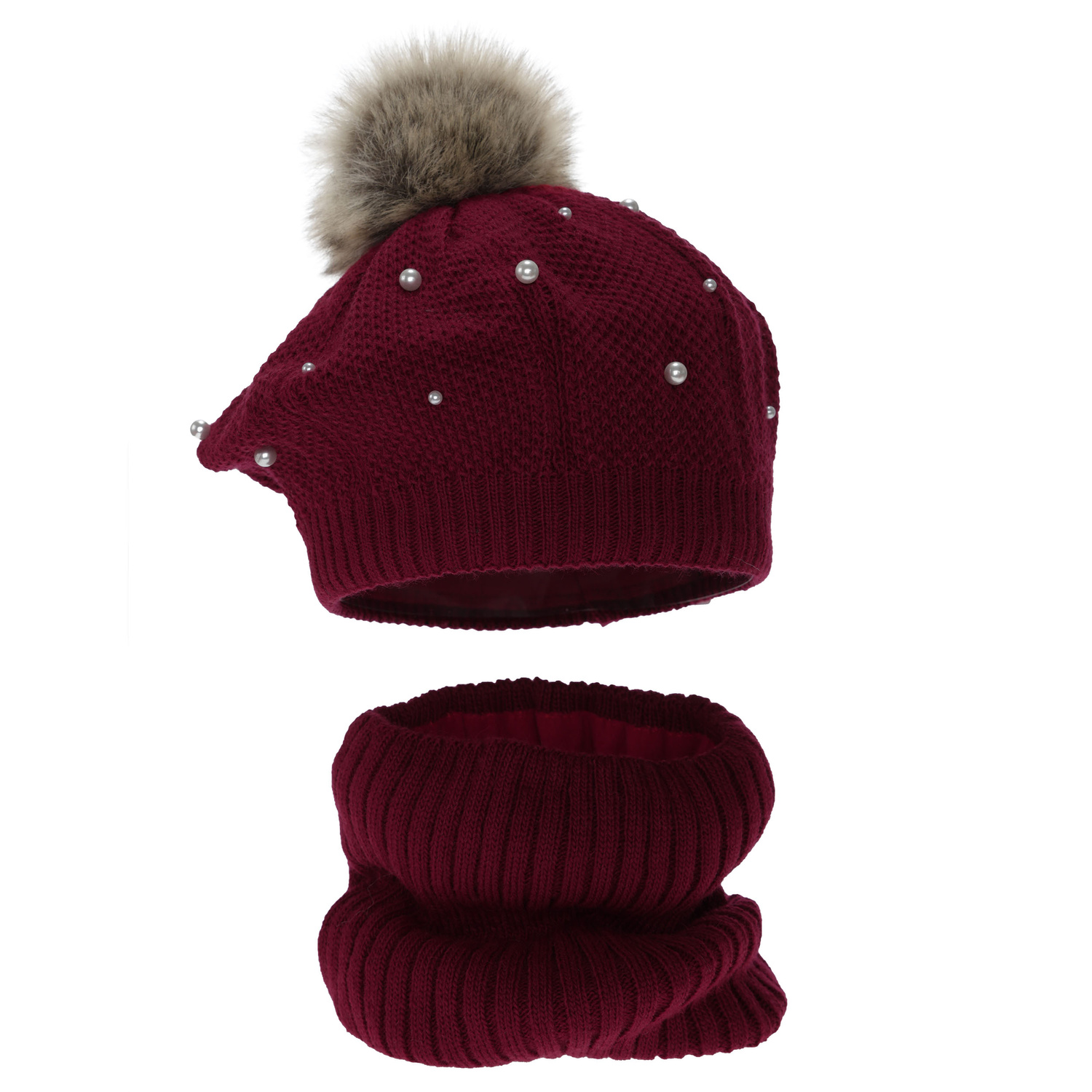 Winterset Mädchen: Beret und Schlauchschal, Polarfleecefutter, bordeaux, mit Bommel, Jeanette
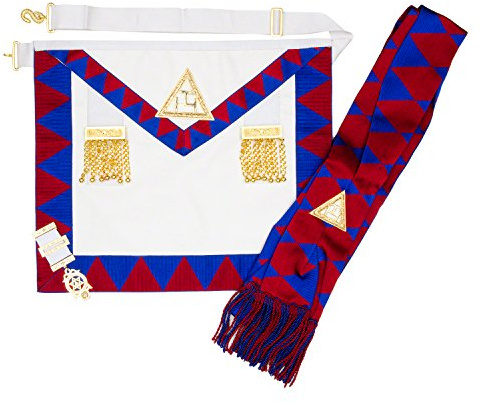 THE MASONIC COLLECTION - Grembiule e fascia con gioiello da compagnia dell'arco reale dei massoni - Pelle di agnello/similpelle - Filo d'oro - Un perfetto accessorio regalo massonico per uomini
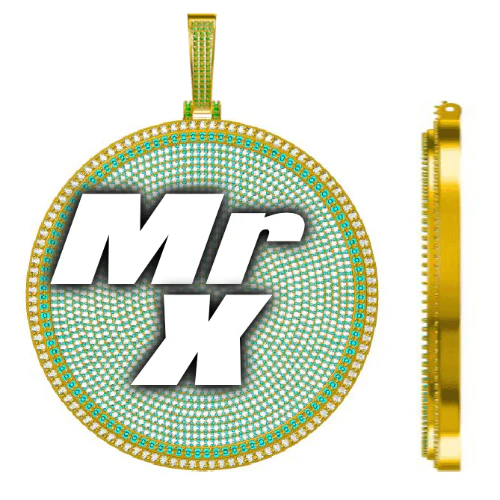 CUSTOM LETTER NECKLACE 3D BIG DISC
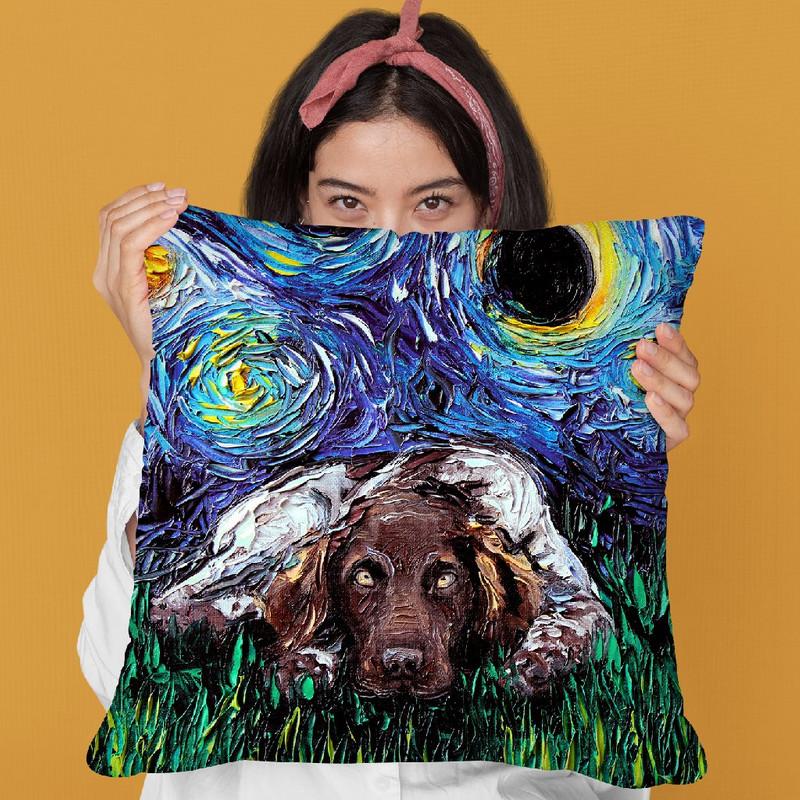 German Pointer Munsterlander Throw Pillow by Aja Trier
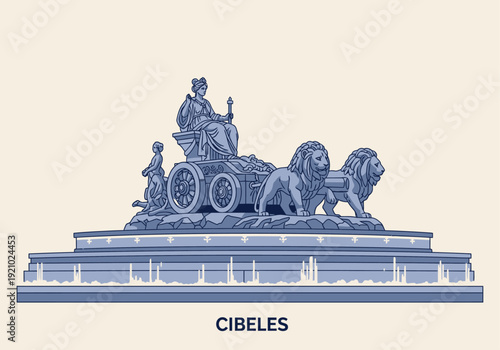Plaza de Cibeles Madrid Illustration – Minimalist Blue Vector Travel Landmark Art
= = = = =
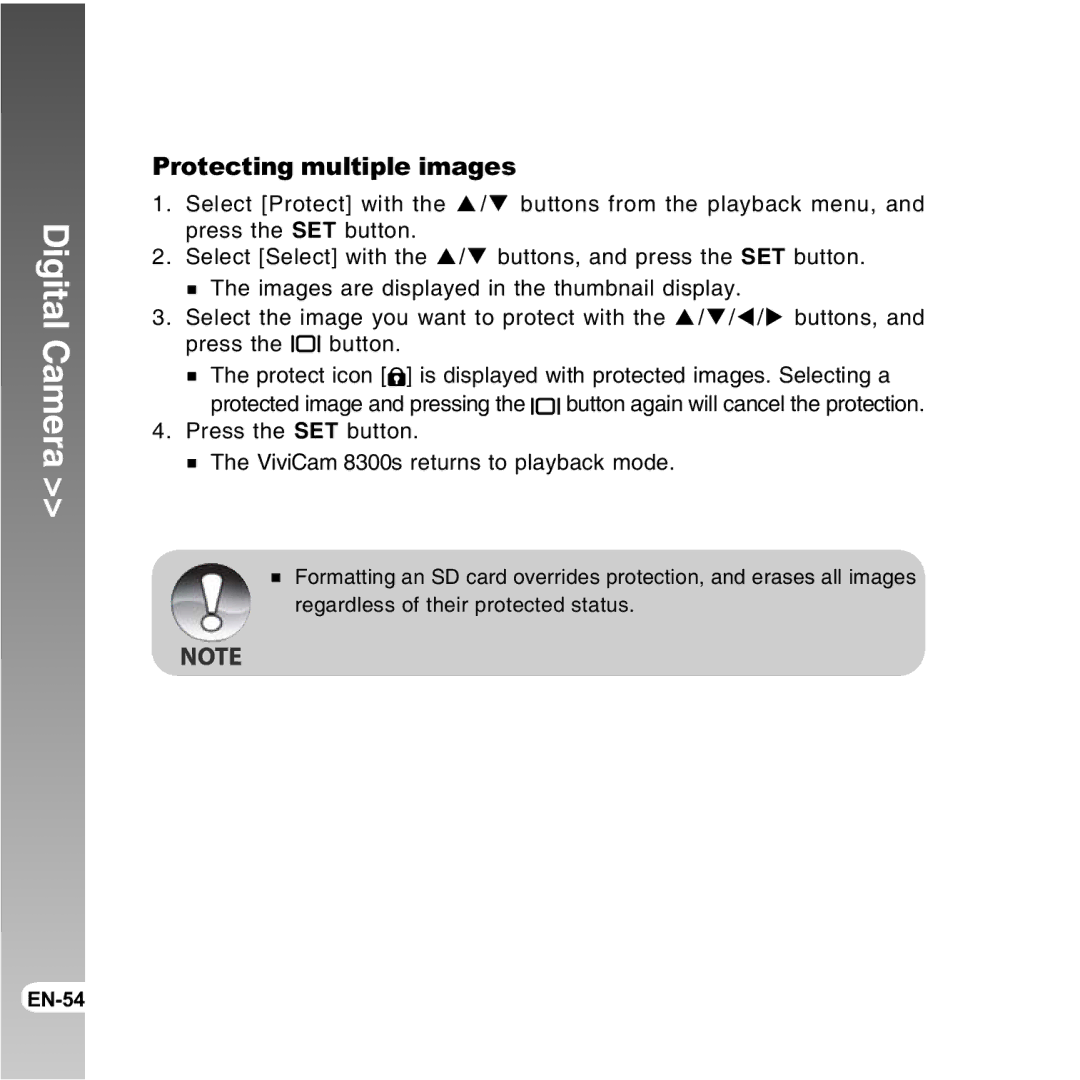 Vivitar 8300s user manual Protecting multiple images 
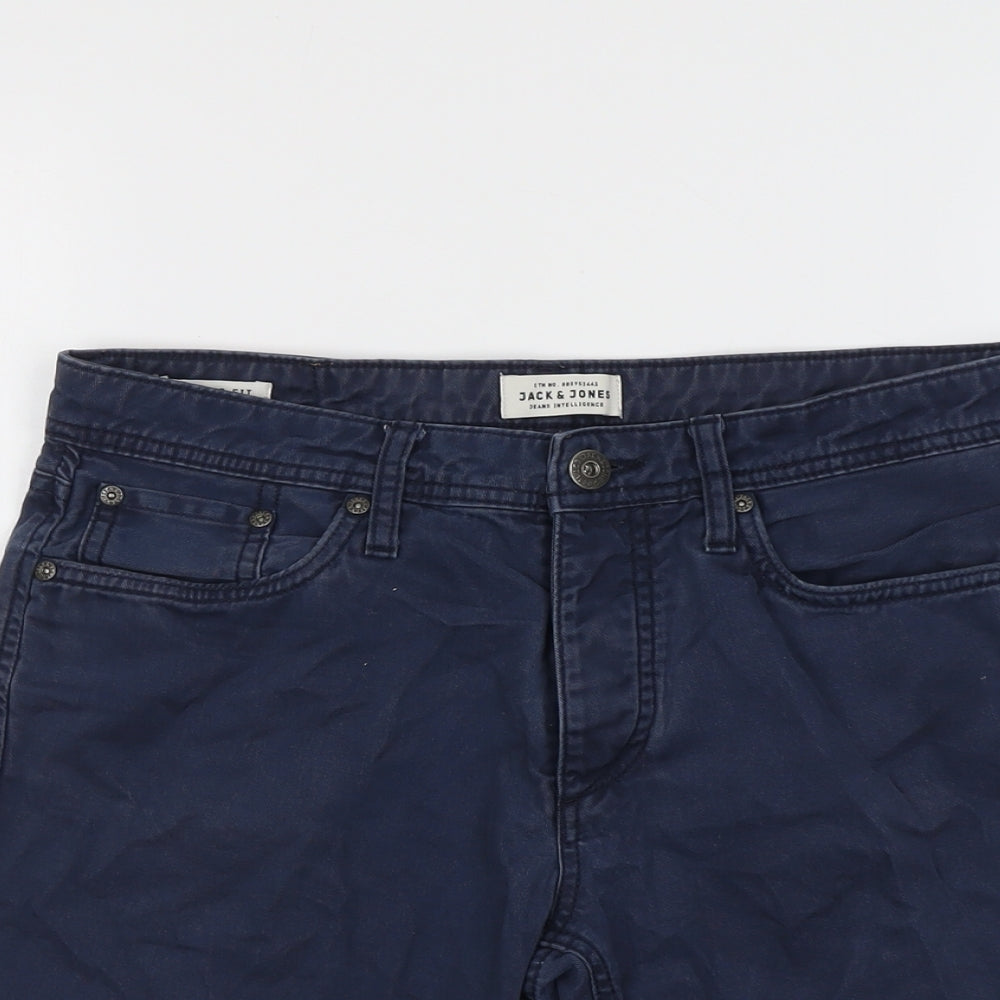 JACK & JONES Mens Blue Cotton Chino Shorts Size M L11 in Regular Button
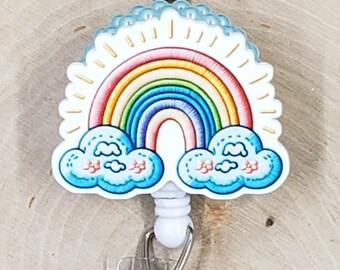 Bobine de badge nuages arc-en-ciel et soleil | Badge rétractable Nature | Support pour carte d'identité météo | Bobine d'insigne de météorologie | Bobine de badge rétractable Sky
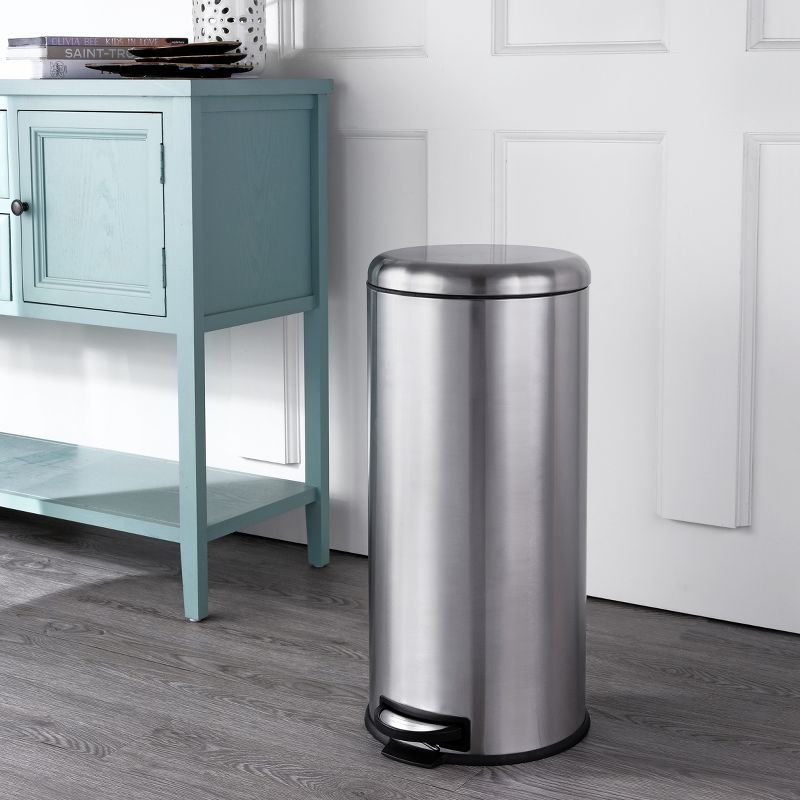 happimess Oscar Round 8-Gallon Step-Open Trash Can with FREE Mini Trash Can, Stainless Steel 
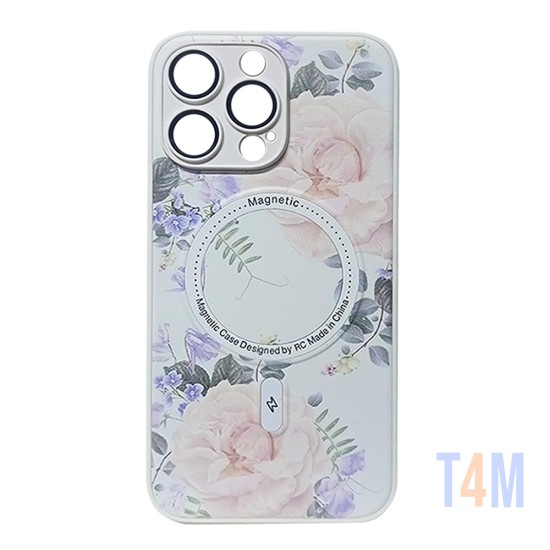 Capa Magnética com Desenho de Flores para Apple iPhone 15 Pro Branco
= = = = =
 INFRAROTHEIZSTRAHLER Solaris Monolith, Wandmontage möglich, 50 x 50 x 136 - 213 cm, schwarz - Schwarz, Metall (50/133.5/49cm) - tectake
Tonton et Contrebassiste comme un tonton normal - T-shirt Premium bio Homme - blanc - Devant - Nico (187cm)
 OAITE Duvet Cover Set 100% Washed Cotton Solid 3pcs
= = = = =
### Work to be completed:
All that is wanted is the lines above between the one containing "Vivitar 8300s user" and the one containing "Bobine de badge nuages", inclusive, restated word for word, with pictures omitted.

### Expected answer:
 Vivitar 8300s user manual Protecting multiple images 
 JACK & JONES Mens Blue Cotton Chino Shorts Size M L11 in Regular Button
 Bobine de badge nuages arc-en-ciel et soleil | Badge rétractable Nature | Support pour carte d'identité météo | Bobine d'insigne de météorologie | Bobine de badge rétractable Sky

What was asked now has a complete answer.